COUNTDOWN TO LEGALIZATION, DAY 89
Time for some legalization lawsuit tit-for-tat, folks.
Supporters of cannabis prohibition sued the California Secretary of State on August 4, alleging voters could be misled about legalization initiative Proposition 64.
The ballot arguments for and against the Adult Use of Marijuana Act will go to the courts this week.
No on 64 alleges that Yes on Prop. 64's ballot arguments are false and misleading for two reasons: 1) TV advertising; and 2) pot delivery services.
When voters get their sample ballots, Prop. 64’s arguments in favor state that: “Nothing in 64 makes it legal to show marijuana ads on TV. Federal law prohibits it!”
The Prop. 64 arguments also state that: “Sale of nonmedical marijuana will be legal only at highly-regulated, licensed marijuana businesses, and only adults 21+ will be permitted to enter.”
But opponents of the measure — which allows adults 21 and over to carry one ounce in public and grow six plant at home — are saying those statements are false.
“The first statement is false and misleading because the initiative specifically contemplates TV advertising. In fact, although Prop 64 includes an exhaustive list of advertising prohibitions – it does NOT include television broadcast.

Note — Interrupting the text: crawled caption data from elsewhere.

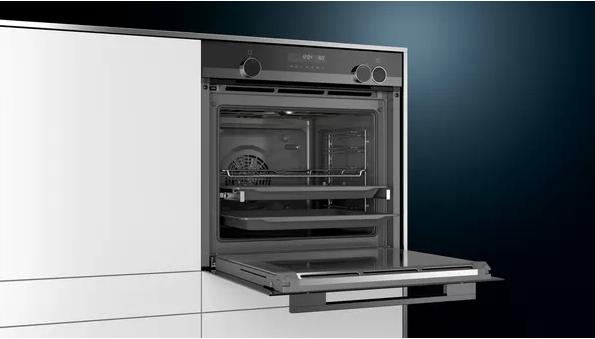 Actual product image Siemens HR478G5B6S iQ500 Built-in oven w. steam support Black, stainless steel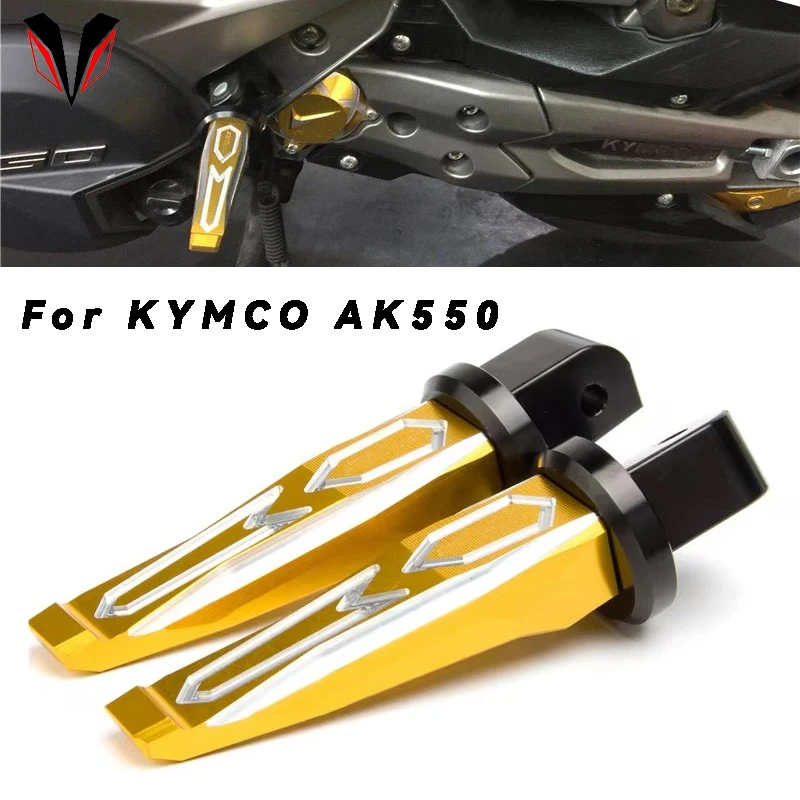 For KYMCO AK550 AK 550 2017-2020 2018 2019 Motorcycle Rear Passenger Footrests Accessories Scooter Foot-Peg Foot Rests Pedals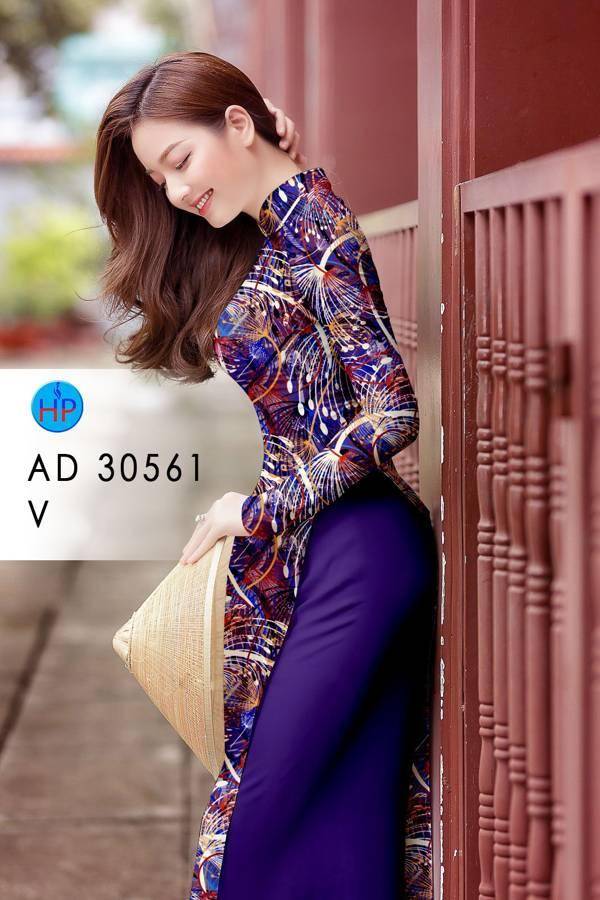 Vải Áo Dài Hoa Văn Thiết Kế 2021 AD 30561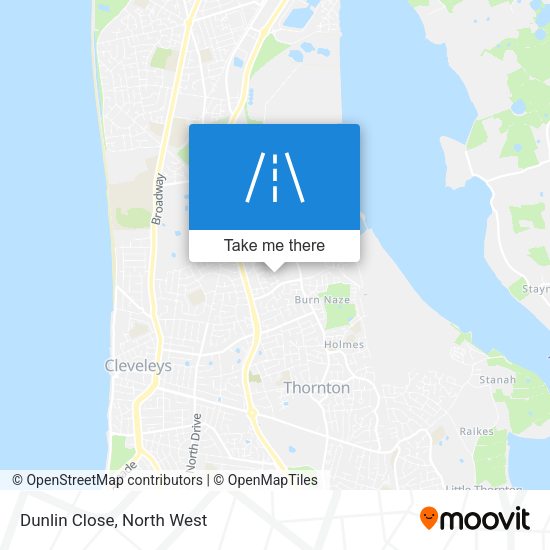 Dunlin Close map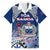 Custom Samoa Rugby Family Matching Long Sleeve Bodycon Dress and Hawaiian Shirt Toa Samoa Myriad Patterns LT01 Dad's Shirt - Short Sleeve Blue - Polynesian Pride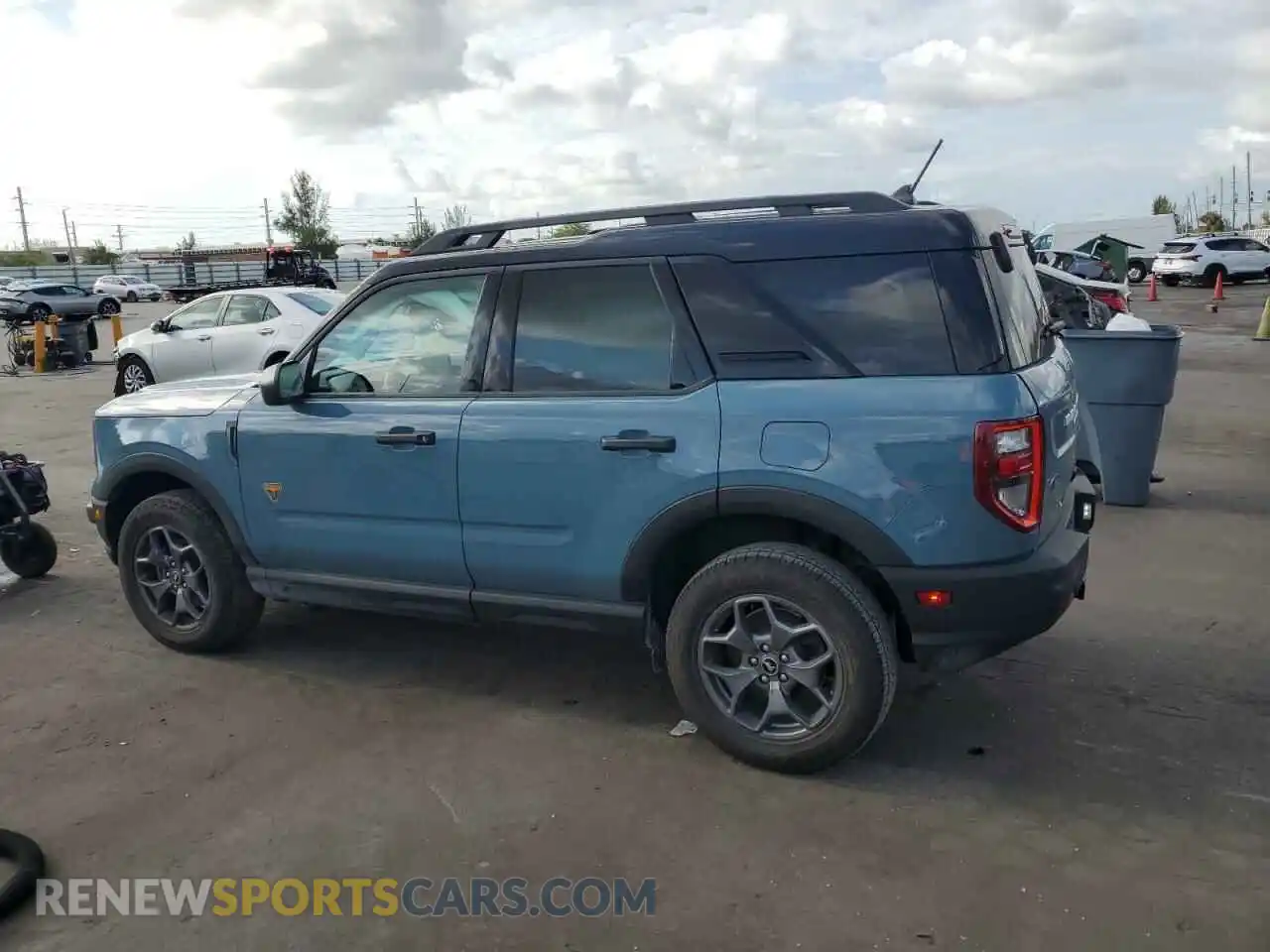 2 Photograph of a damaged car 3FMCR9D99MRA82392 FORD BRONCO 2021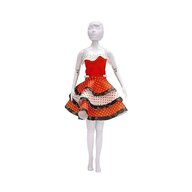 Dress Your Doll - Set de croitorie hainute pentru papusi Couture Maggy Flamenco, 
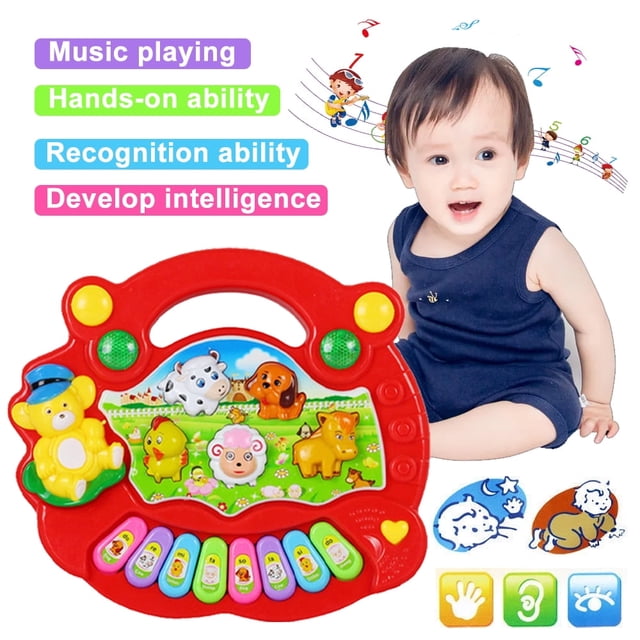 CUITING Baby Musical Toys Electronic Kids Musical Instruments Keyboard Piano Set Learning Light Up Toy Infant Early Educational Development Music Toys for Babies Birthday Christmas Gifts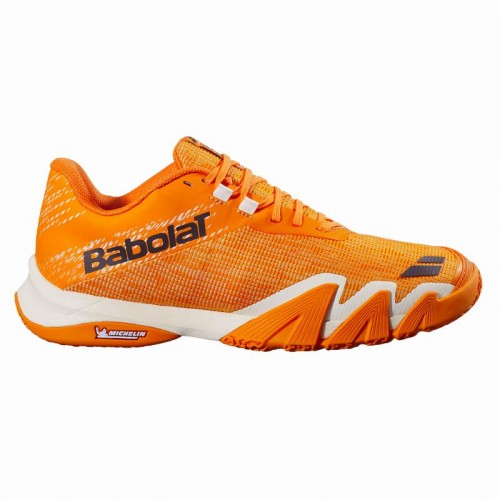 Zapatillas de Padel Babolat Jet Viva Naranja Crema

In addition, the measure even spells out exactly how the television piece would work:
‘Any advertising or marketing placed in broadcast, cable, radio, print and digital communications shall only be displayed where at least 71. 6 percent of the audience is reasonably expected to be 21 years of age or older, as determined by reliable, up-to-date audience composition data.’
No on 64 says the second statement about where legal sales can occur is false and misleading because “Proposition 64 does much more than allow sale of marijuana in brick and mortar retail stores. Proposition 64 also authorizes sale by delivery service.”
But on its face, both of No on 64’s lawsuit claims seem to lack merit.
Regarding the first claim, Prop 64 cannot make it legal to show pot ads radio or TV, which are federally controlled. If the feds suddenly legalize pot, Prop 64 actually protects consumers by saying where the ads could run.
The second disputed claim is factually accurate: “sale of non-medical marijuana will be legal only at highly-regulated, licensed marijuana businesses”. It in no way implies those businesses are only brick-and-mortar, in an era where Americans get literally everything delivered.
Here is the link to the No on Prop. 64 lawsuit
Earlier last week, Yes on 64 started the legal challenges by filing suit alleging No on 64 was making false and misleading arguments on the ballot
. That lawsuit has much more merit. Led by Sen. Diane Feinstein, the No on Prop. 64 ballot arguments state that the law will expose children “to ads promoting marijuana gummy candy and brownies.”
In reality, Prop. 64 prohibits pot products “designed to be appealing to children or easily confused with commercially sold candy or foods," the law states Prop. 64 has four explicit separate child protection provisions.
“[I]t is provably false to suggest children will in any way be exposed to advertisements promoting marijuana gummy candy or brownies,” Prop. 64 states.
No on 64’s lawsuit goes to a hearing on Friday at 11 a.m. in Superior Court in Sacramento County.